In November 2004, the FASB issued SFAS No. 151 "Inventory Costs, an amendment
of ARB No. 43, Chapter 4". The amendments made by Statement 151 clarify that
abnormal amounts of idle facility expense, freight, handling costs, and wasted
materials (spoilage) should be recognized as current-period charges and require
the allocation of fixed production overheads to inventory based on the normal
capacity of the production facilities. The guidance is effective for inventory
costs incurred during fiscal years beginning after June 15, 2005. Earlier
application is permitted for inventory costs incurred during fiscal years
beginning after November 23, 2004. The Company has evaluated the impact of the
adoption of SFAS 151, and does not believe the impact will be significant to
the Company's overall results of operations or financial position.

In December 2004, the FASB issued SFAS No.152, "Accounting for Real Estate
Time-Sharing Transactions, an amendment of FASB Statements No. 66 and 67" (SFAS
152).

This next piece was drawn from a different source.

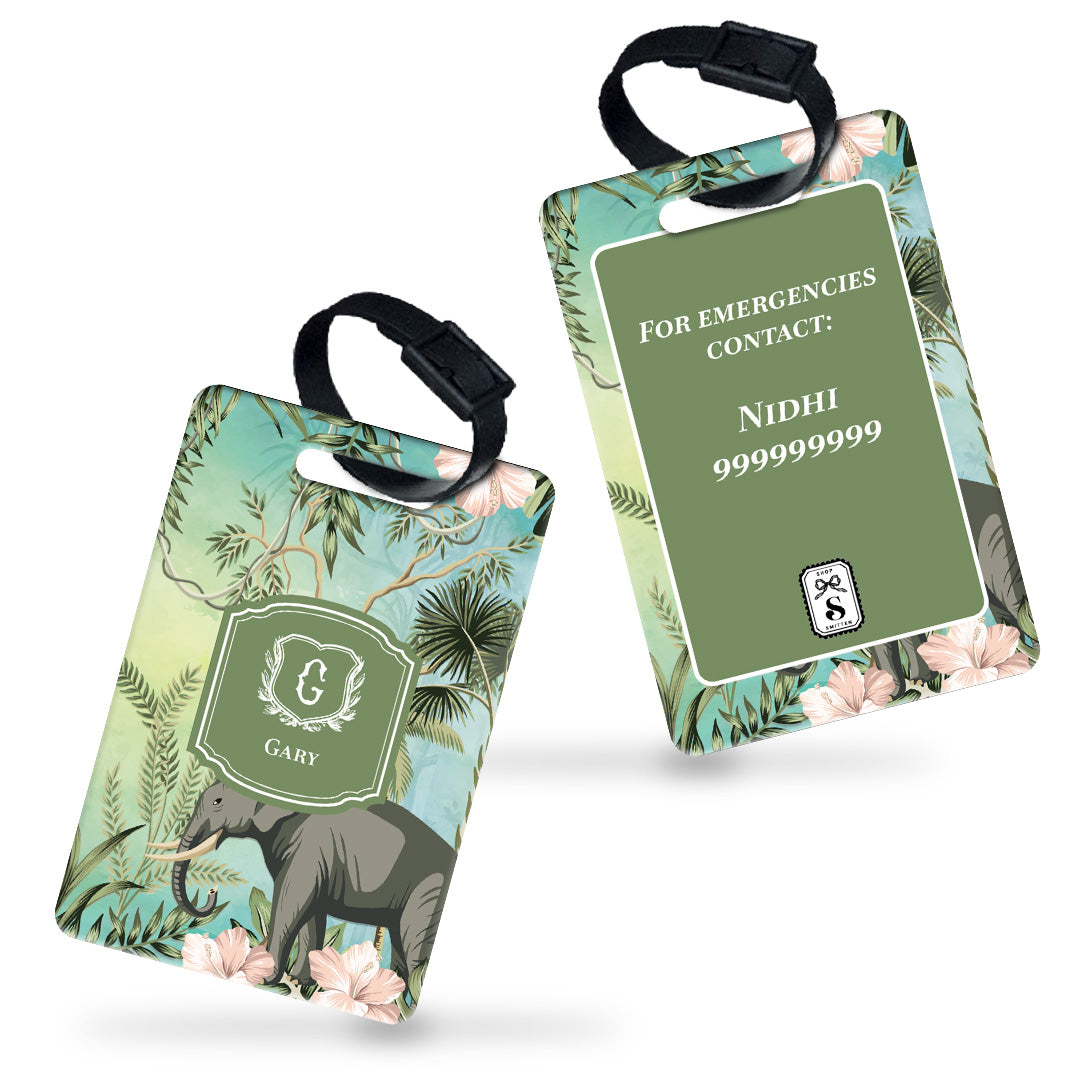 Savanna Wild Bag Tag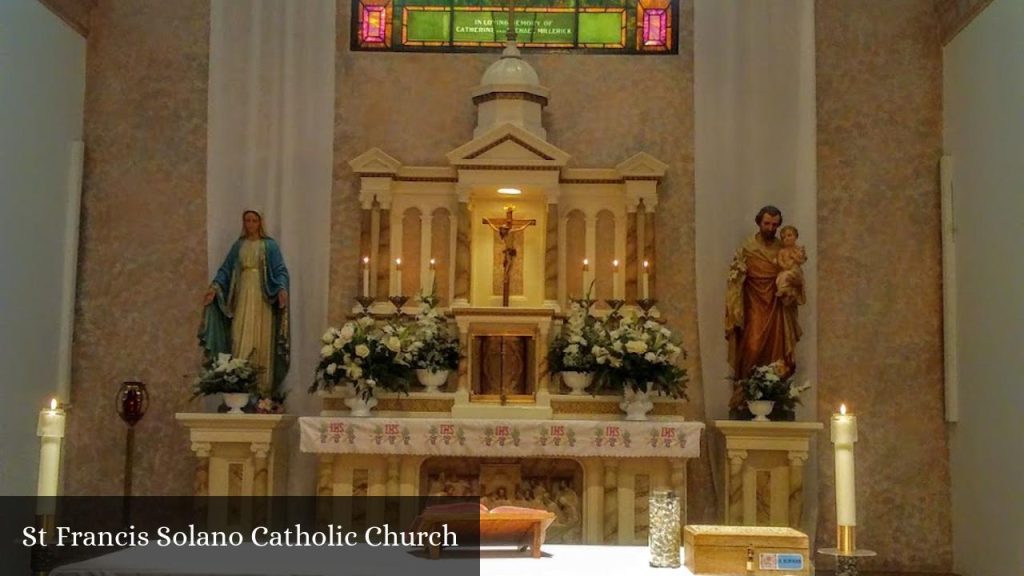 St Francis Solano Catholic Church - Sonoma (California)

The amendments made by Statement 152 This Statement amends FASB Statement
No. 66, Accounting for Sales of Real Estate, to reference the financial
accounting and reporting guidance for real estate time-sharing transactions
that is provided in AICPA Statement of Position (SOP) 04-2, Accounting for Real
Estate Time-Sharing Transactions. This Statement also amends FASB Statement No.
67, Accounting for Costs and Initial Rental Operations of Real Estate Projects,
to state that the guidance for (a) incidental operations and (b) costs incurred
to sell real estate projects does not apply to real estate time-sharing
transactions. The accounting for those operations and costs is subject to the
guidance in SOP 04-2. This Statement is effective for financial statements for
fiscal years beginning after June 15, 2005, with earlier application
encouraged. The Company has evaluated the impact of the adoption of SFAS 152,
and does not believe the impact will be significant to the Company's overall
results of operations or financial position.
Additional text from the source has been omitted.